Yes, reading the PTHREAD_SIGNAL(3) note, this sounds very likely.


One solution would be to explicitly block everything upon entering
sdl_callback for the first time. This is ugly and can have any
consequences one cares to imagine, but that's SDL for you (any
particular reason why you are using it?)

Not really - just had only OSS and SDL compiled into qemu at this moment.
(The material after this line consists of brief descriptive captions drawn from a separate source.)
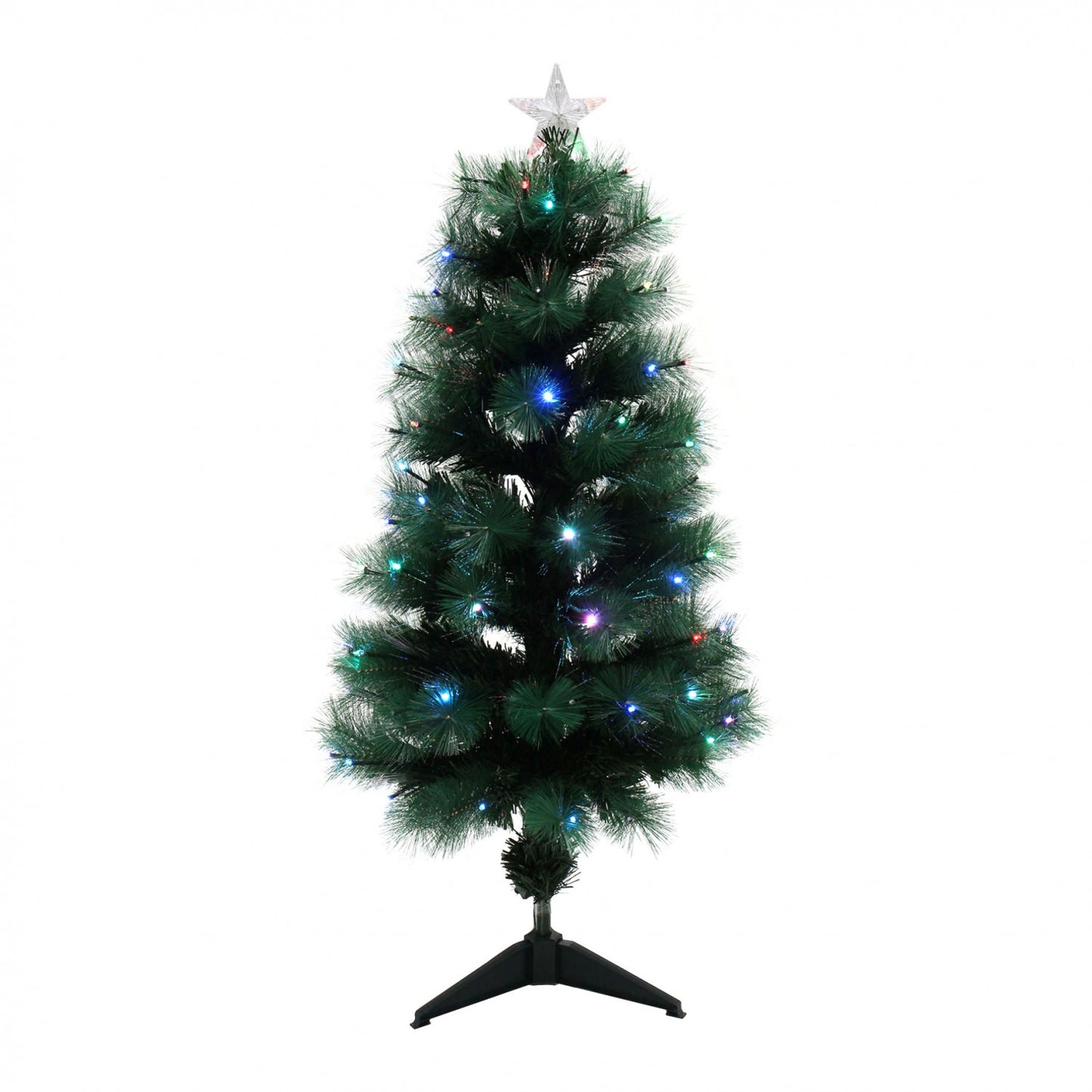 Brad de Craciun Verde Artificial cu fibra optica si stativ, Inaltime 150cm, lumina multicolora, jocuri de lumini, 123 leduri RGB, usor de instalat si folosit pentru o ambienta de neuitat, Steluta pentru varf Cadou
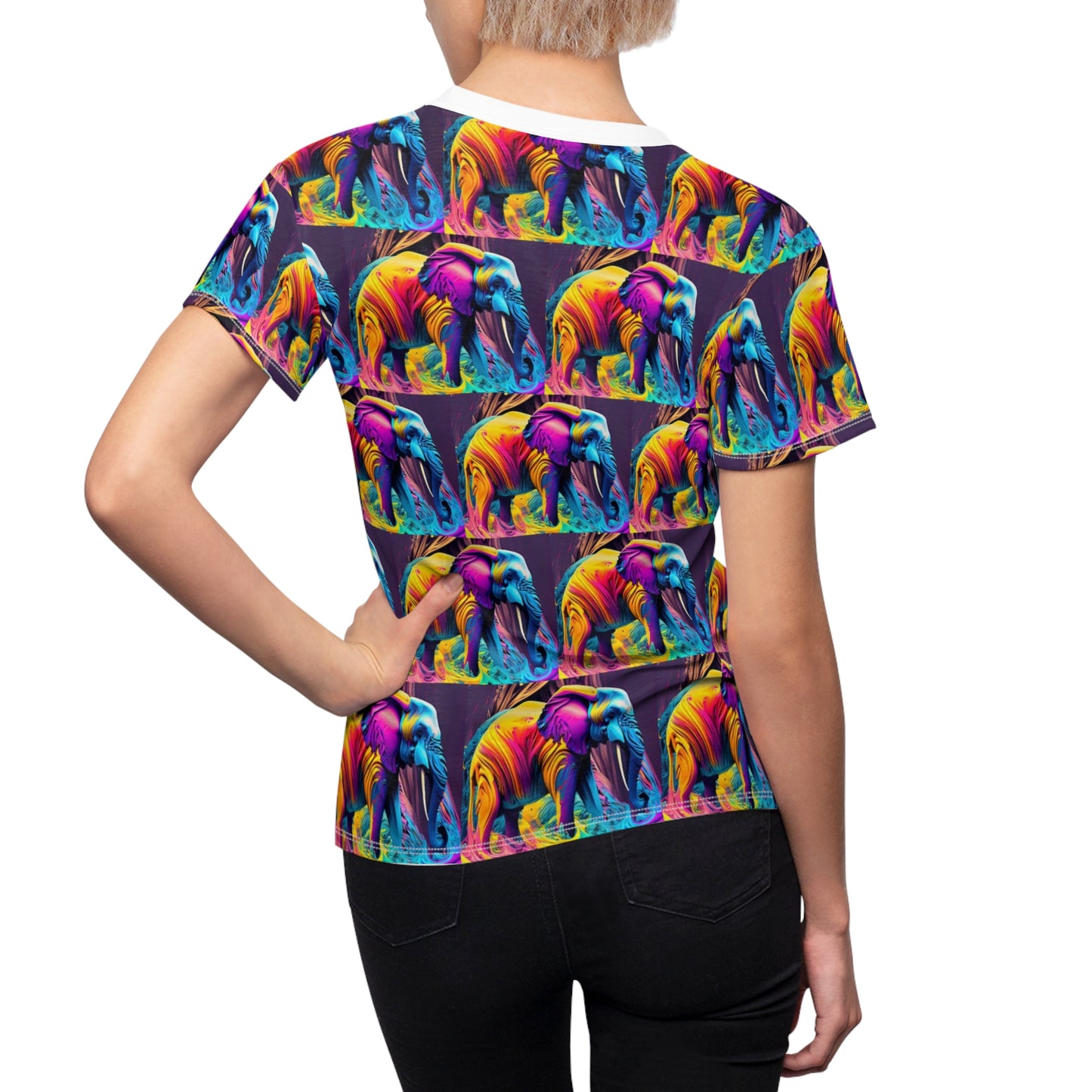 Women's Cut & Sew Tee (AOP) Kukloso Cubist Mr. Elephant - Free Shipping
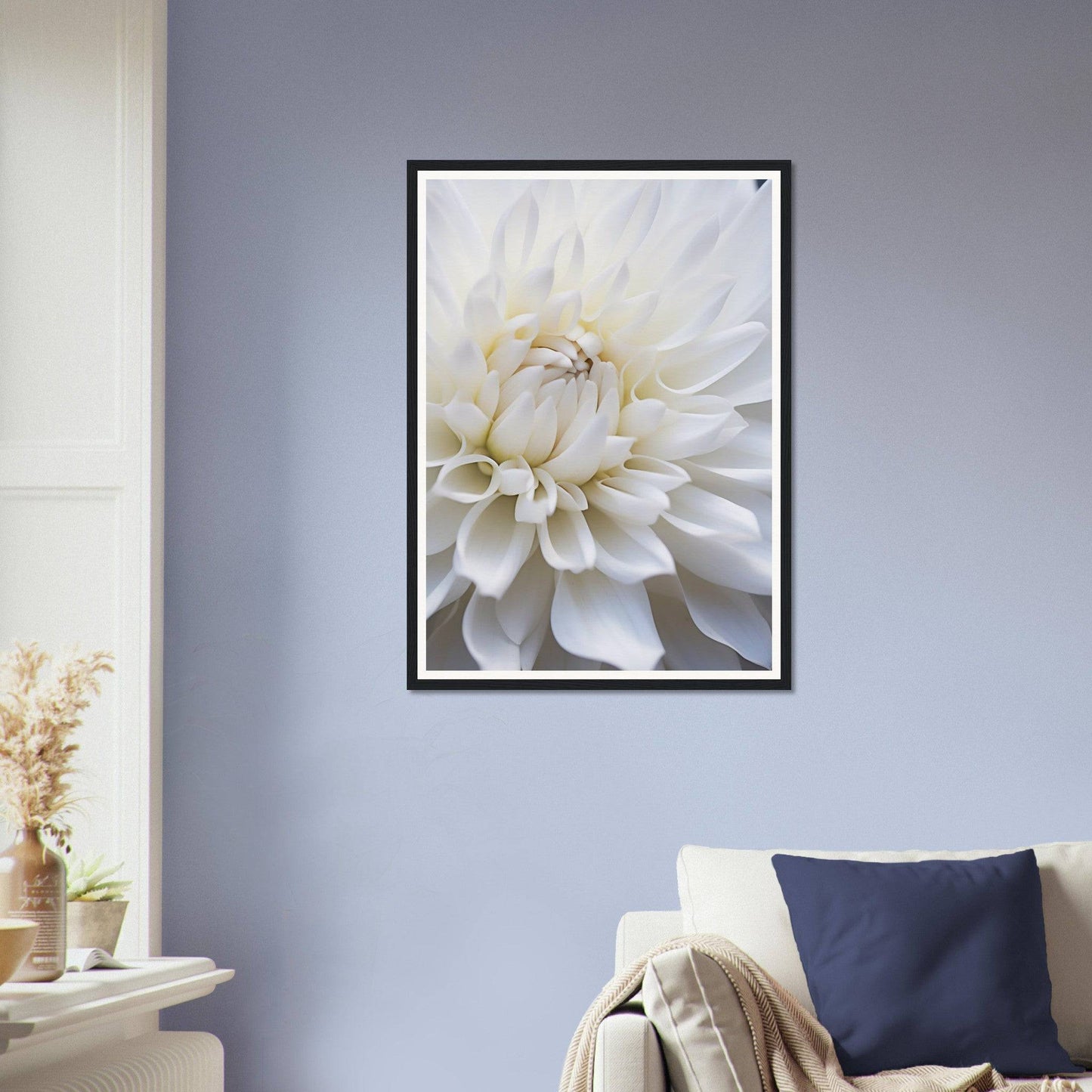 Framed photograph of a white dahlia flower in close-up.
Yes, the suggested solution works. Unfortunately it's neither pretty
nor correct, because at the time sdl_callback runs, the signal which
was supposed to wake up sigwait() is already lost and I can't find any
way to prevent that - we can add a kill(0, SIGUSR2) but this is even
uglier and again we don't know when sdl_callback is called as a result
of this signal and when legally. (That's also why I didn't put a
"return" after pthread_sigmask().)

[..snip..]

What POSIX needs is a way to set the default signal mask for new threads :-/

http://www.opengroup.org/onlinepubs/007908799/xsh/pthread_create.html
in part reads
<quote>
The signal state of the new thread is initialised as follows:

    * The signal mask is inherited from the creating thread.
</quote>

Hence sequence of:

sigfillset (newset)
pthread_sigmask (SIG_BLOCK, newset, oldset)
SDL_OpenAudio (...)
pthread_sigmask (SGI_SETMASK, oldset, NULL)

Will probably achieve the desired effect.